» DATA FOR THE TASK:
------------------------------------
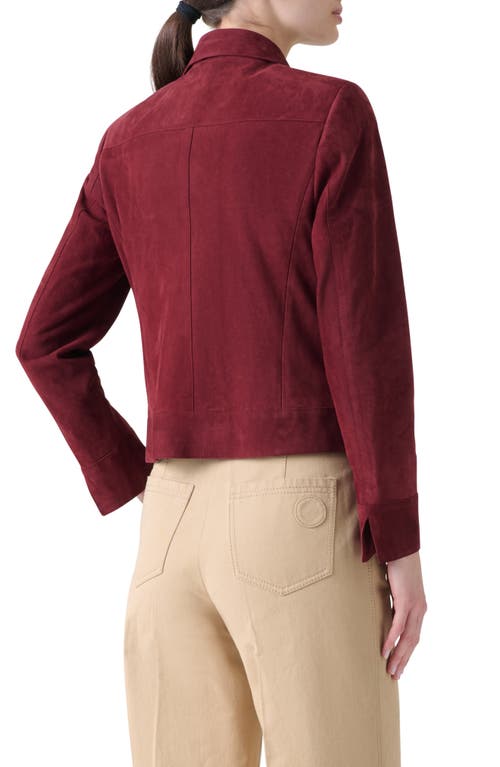 Akris Punto Goatskin Suede Jacket In Burgundy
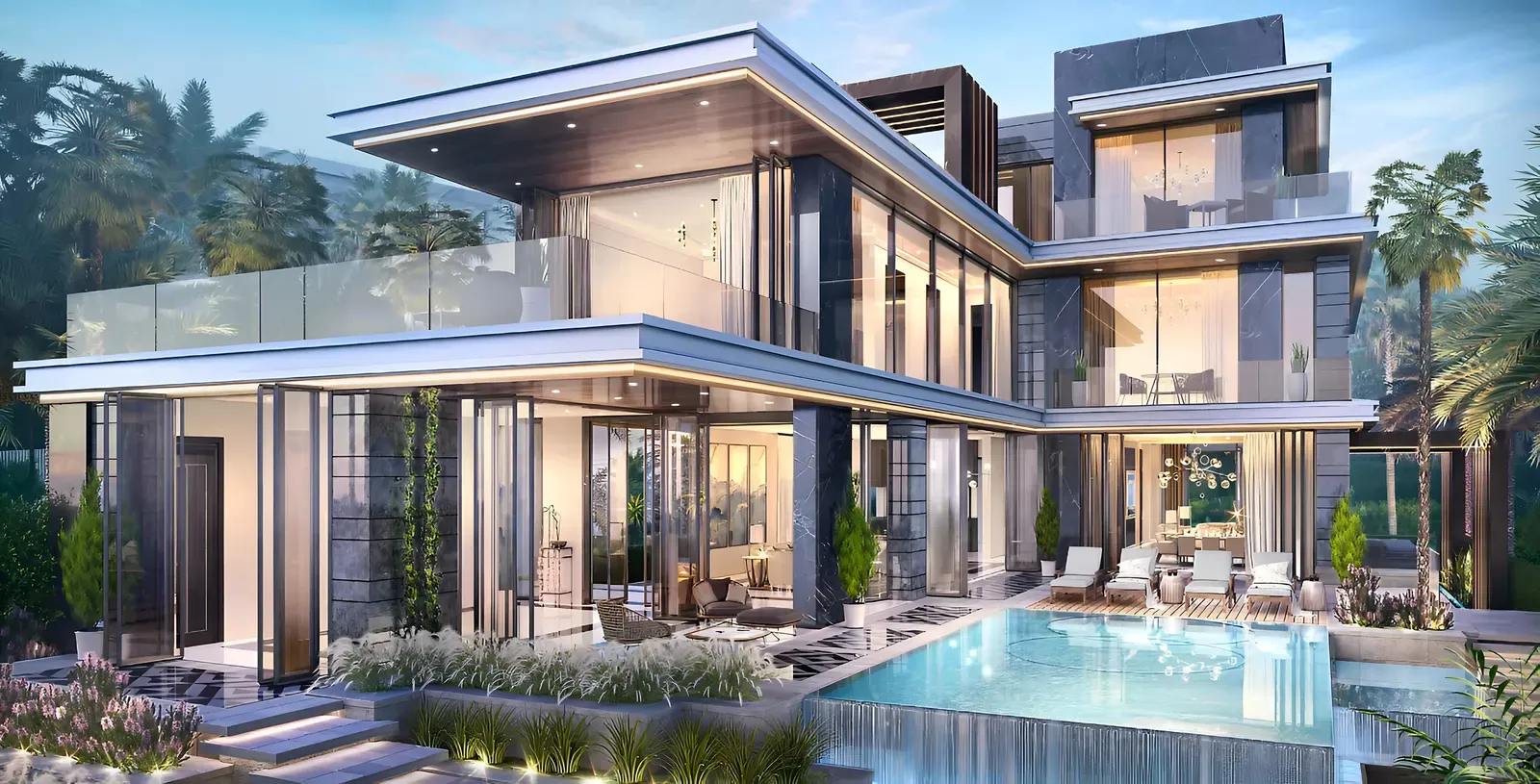 Contemporary signature villa with a glass facade and private pool at DAMAC Lagoons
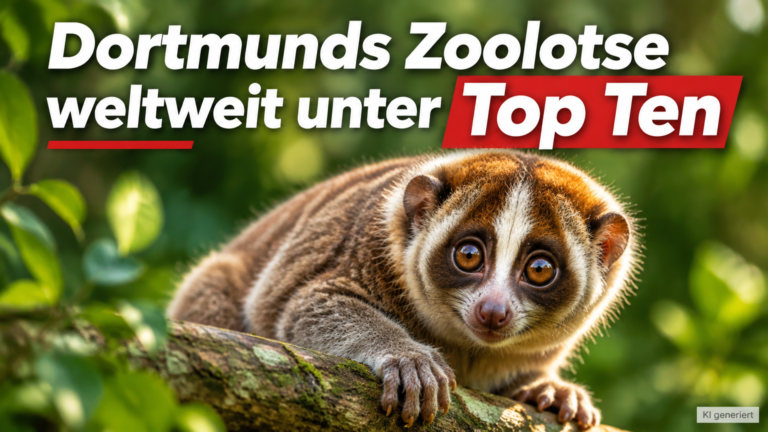 KI-generiertes Symbolbild zur Marcel Stawinoga Auszeichnung: Ein Plumplori sitzt auf einem Ast vor grünem Hintergrund; darüber steht „Dortmunds Zoolotse weltweit unter Top Ten“.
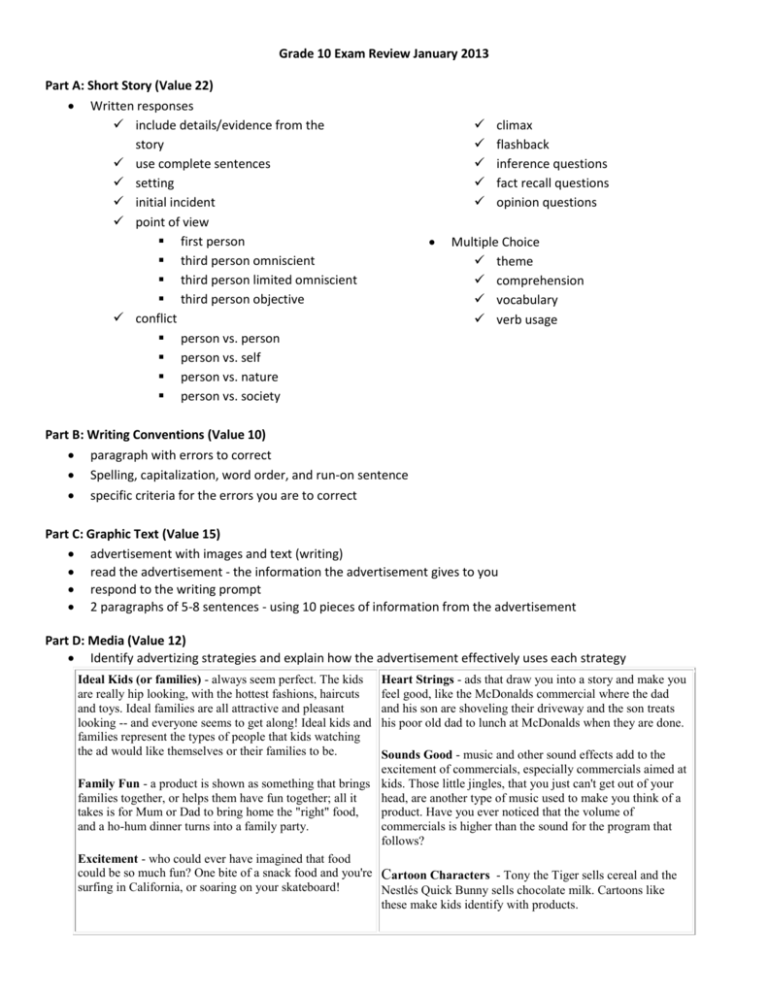 Grade 10 exam review january 2014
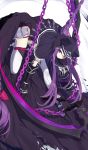  1girl black_capelet black_leotard braid commentary_request dutch_angle fate/grand_order fate_(series) gauntlets grey_footwear holding holding_scythe hood hood_up hooded_capelet leotard long_hair looking_away medusa_(lancer)_(fate) purple_hair rider scythe shoes sidelocks solo thigh-highs torn_clothes touzai_(poppin_phl95) very_long_hair violet_eyes white_legwear 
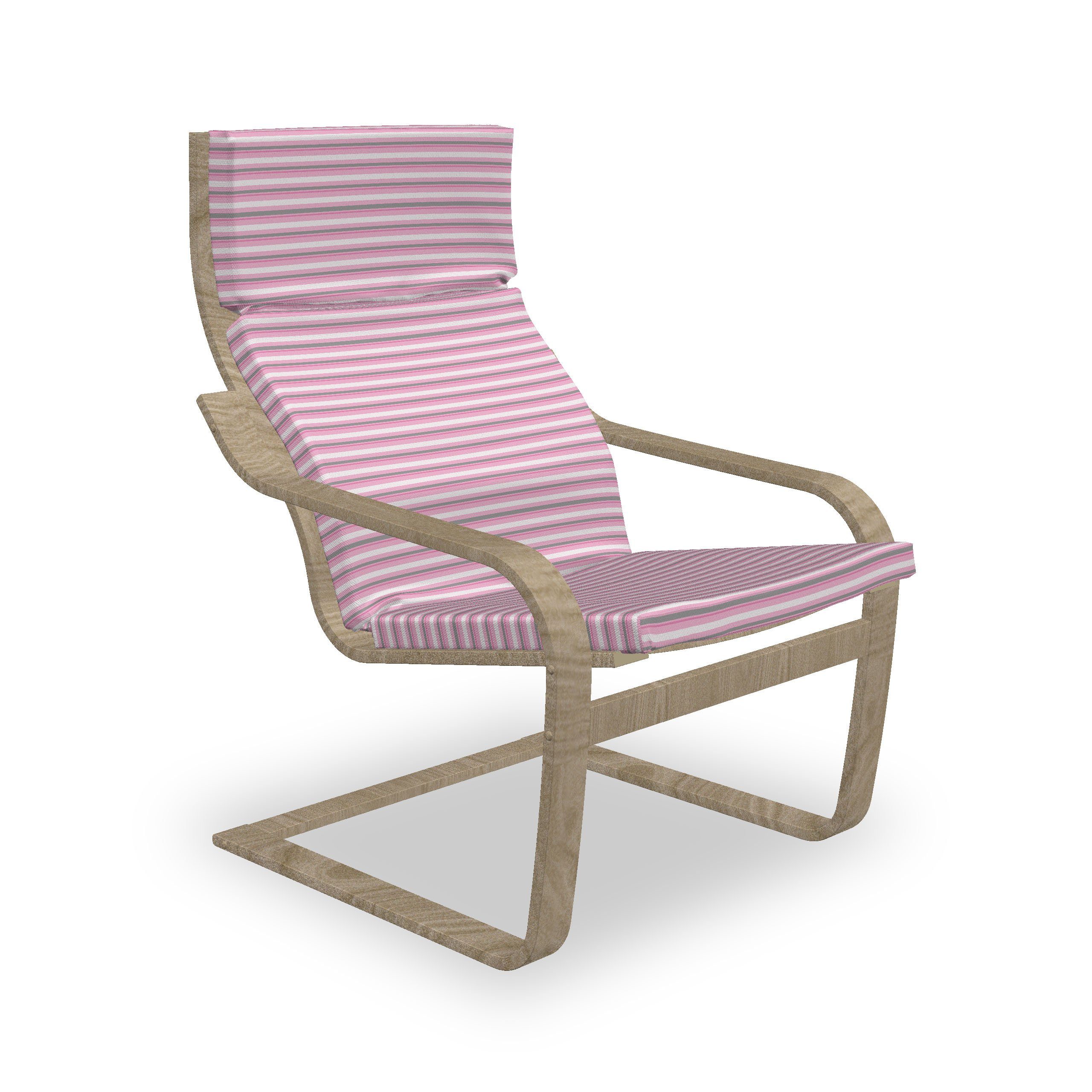 Abakuhaus Stuhlkissen Sitzkissen mit Stuhlkissen mit Hakenschlaufe und Reißverschluss, Geometrisch Pink Tones Stripes | Stuhlkissen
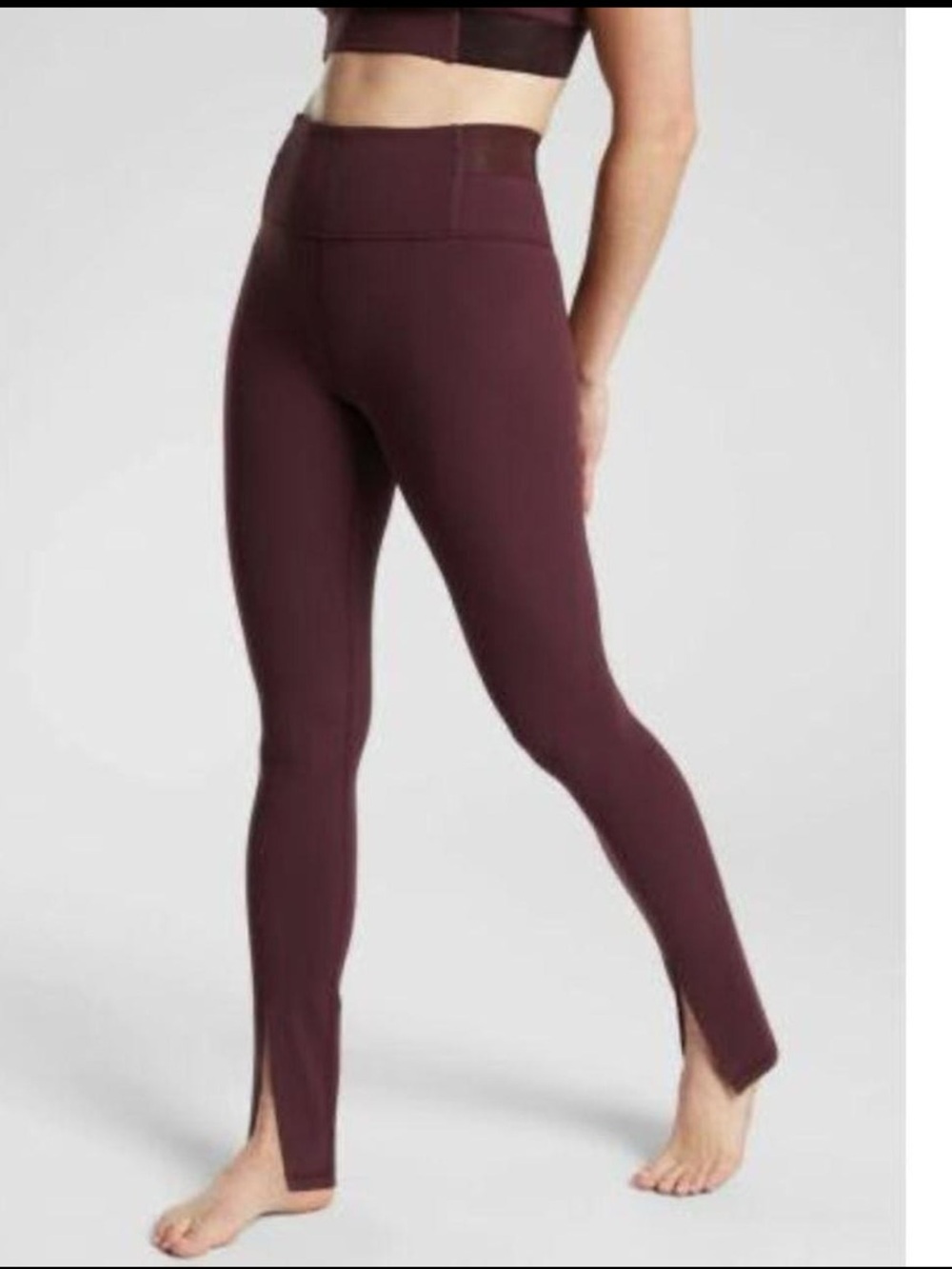 Athleta Women’s Aura Split Pant Size Large Powervita Antique Burgundy Yoga EUC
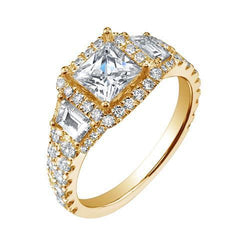 Princess Center Diamant Halo-Verlobungsring 3,50 cts. Gelbes Gold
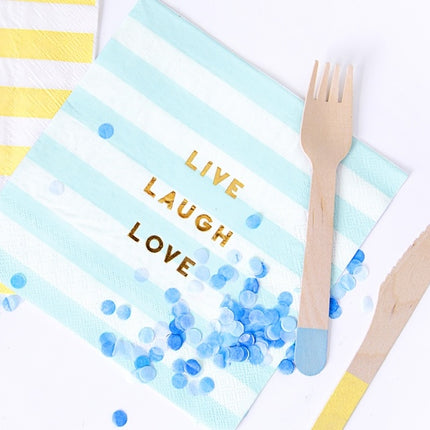 Servilletas azul claro Live Laugh Love 33cm 20pcs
------------------------------------
» ASSIGNED TASK: Everything above except the pictures needs to be reproduced exactly.

» SOLVED PROBLEM:
 Akris Punto Goatskin Suede Jacket In Burgundy
 Contemporary signature villa with a glass facade and private pool at DAMAC Lagoons
 KI-generiertes Symbolbild zur Marcel Stawinoga Auszeichnung: Ein Plumplori sitzt auf einem Ast vor grünem Hintergrund; darüber steht „Dortmunds Zoolotse weltweit unter Top Ten“.
 Grade 10 exam review january 2014
  1girl black_capelet black_leotard braid commentary_request dutch_angle fate/grand_order fate_(series) gauntlets grey_footwear holding holding_scythe hood hood_up hooded_capelet leotard long_hair looking_away medusa_(lancer)_(fate) purple_hair rider scythe shoes sidelocks solo thigh-highs torn_clothes touzai_(poppin_phl95) very_long_hair violet_eyes white_legwear 
 Abakuhaus Stuhlkissen Sitzkissen mit Stuhlkissen mit Hakenschlaufe und Reißverschluss, Geometrisch Pink Tones Stripes | Stuhlkissen
 Athleta Women’s Aura Split Pant Size Large Powervita Antique Burgundy Yoga EUC
 Princess Center Diamant Halo-Verlobungsring 3,50 cts. Gelbes Gold
 Servilletas azul claro Live Laugh Love 33cm 20pcs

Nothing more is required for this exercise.